When I was dealing with this matter on the last occasion on which it was before the House I had already pointed out the objections to the method of expression of the Minister's intention in this regard; I had already pointed out also that there was a radical difference between this section and the comparable section which it repeals in the 1938 Act. These were all matters regarding the legal interpretation of the section, but, as I said on that occasion, it is the legal content of this section which will rule and not any ministerial assurance. I am not going to repeat these arguments—I would not be let even if I tried to—but perhaps the Chair will bear with me if in a few short sentences I summaries seriatim the arguments which I advanced against leaving the words which we seek to delete in the Bill. In the first place, it is legislation by way of exception to an exception. The Minister would be unwise to take on such powers as he would leave himself open to possible charges of corruption even with the most bona fide administration of the section.
The section is objectionable also because it introduces a completely new principle into this code, so far as I can see. Perhaps I should qualify that statement. It is specifically objectionable, in this, that it makes the Minister, qua Minister, practically an overriding authority in all but a few excepted matters. It is rather more than was heretofore the case. Admittedly, heretofore the Minister had directive powers, practically overriding powers over the Land Commission, but in this case he can do it in the secrecy and privacy of his office, with the help of his private secretary.
I do not think the Minister is wise in taking these powers. All the formal safeguards that are there for the public are remote. I am not going into this argument again and I am not going into a particular argument that I might advance. If the Minister would only look back on some of his colleagues' dissertations on that principle, he will find them very clearly set out. These are all reasons why this section should be amended in the way we suggest, from the legal point of view. I want to come at it from a practical point of view and I want it to be clear that all I have said has been from the point of view of the legal content of the section. I have carefully refrained from any expression of opinion as to what should or should not be done with regard to the powers the Minister needs or seeks.
There are only a few minutes left and as I have no desire to have possession again on another occasion, I will put this practical question to the Minister. Is it not true that in the majority of rearrangement scheme it will be necessary to remove some or other of the tenants in the congested areas from the holdings which are to be rearranged in order to make room or make feasible any justifiable rearrangement? In other words, in the vast majority of schemes you will really be in the position that you can do nothing unless you have several people in the area you want rearranged. Any rearrangement between, say, ten people will achieve no useful purpose unless you take three or four out and get them holdings elsewhere and then rearrange the remainder. I take it that sums up the position. If you take out three or four from the congested area they will be given land elsewhere. That is as I see the position.
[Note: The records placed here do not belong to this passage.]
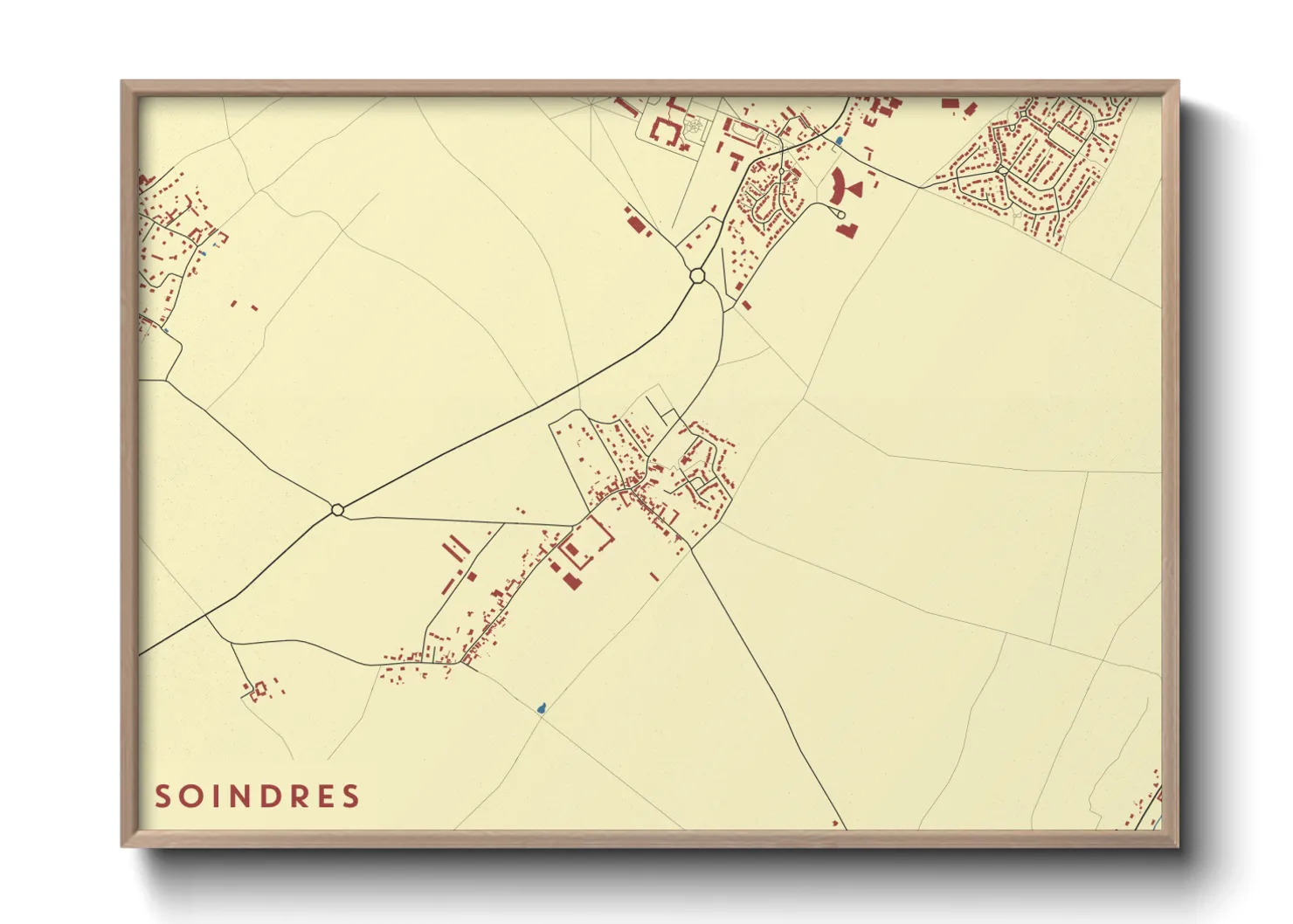 Une affiche de carte sur Soindres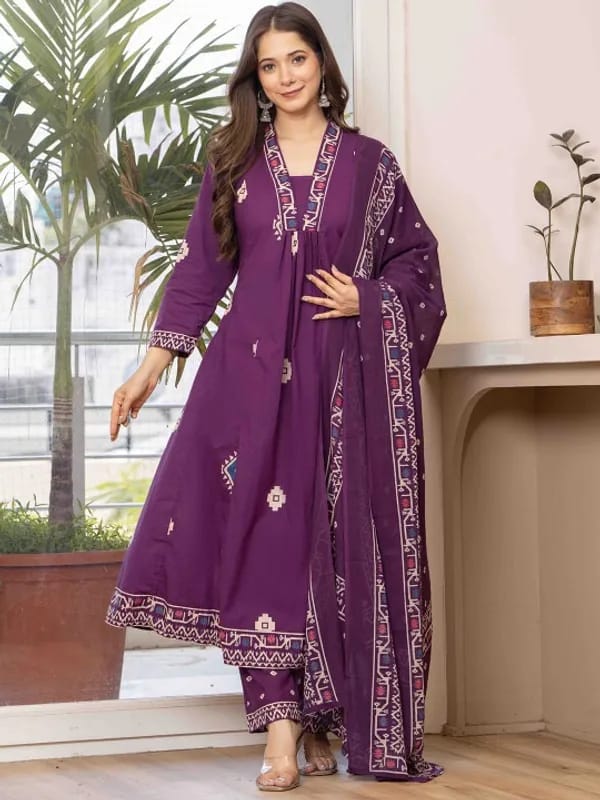 Elegant Purple Printed Anarkali Kurta Set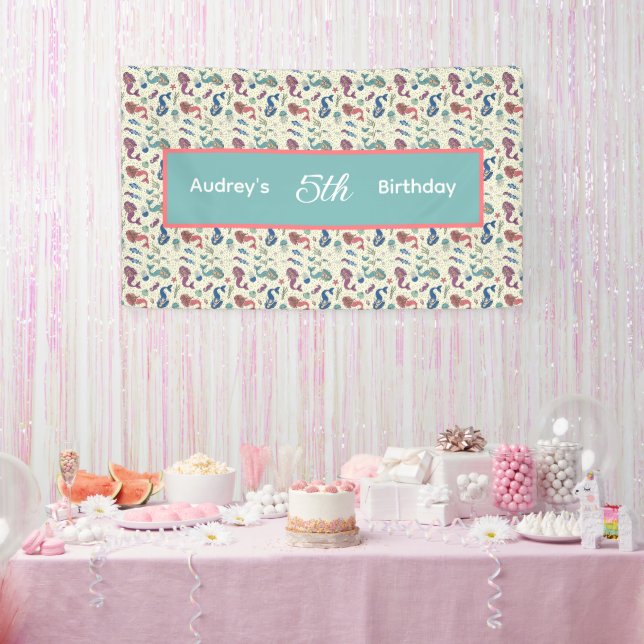 Kindergeburtstag Mermaid Banner (Party)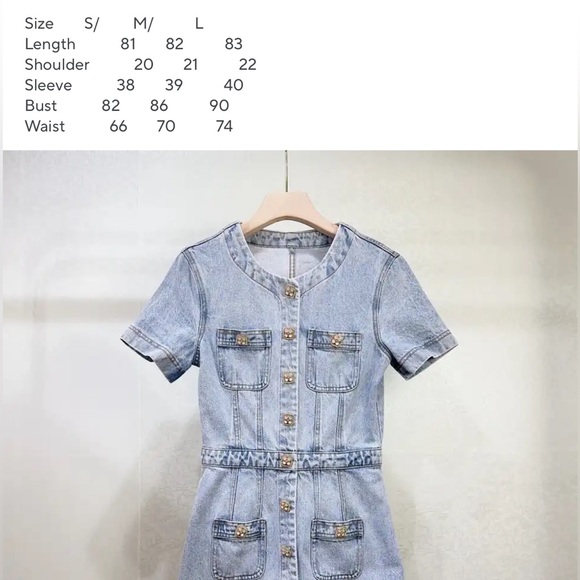 Denim summer mini button up dress - Picture 7 of 7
Is it wise for the Minister to take complete power of allocation and price? Is it wise for the Minister to put himself in the position of being able to pick and choose between people in a congested area, say in County Mayo, as to who will go and who will stay? Is it wise to take complete power in relation to any prices that have to be paid? In addition to that, by virtue of the implied powers by law that will follow from the section, is it wise for the Minister to add to them the power of price and allocation in regard to land in Meath, Tipperary or anywhere you like where these other men are?
Other Deputies have a much more intimate knowledge of land division problems, but I am asking that as a bona fide question. Is all this wise, even from the Minister's point of view? Will he not create a difficult problem for himself and will he not leave himself ultimately open to odium and the possibility of having charges made? I am asking that question perhaps for the purpose of the record, but I should like to know the Minister's answer to it.
If that is not the Minister's intention, if he wishes to have safeguards, then let me strongly urge on him an amendment of this section, and the amendment that is best, most concise and most direct, and that will apparently do what the Minister wants, is the deletion of these words. Unless the Minister wants to take these powers which I have pointed out, this section will have to be amended in some form or other to close the gap. If the section is not amended, we must take it that the Minister is accepting these powers with full knowledge and, therefore, he must be answerable for their use hereafter.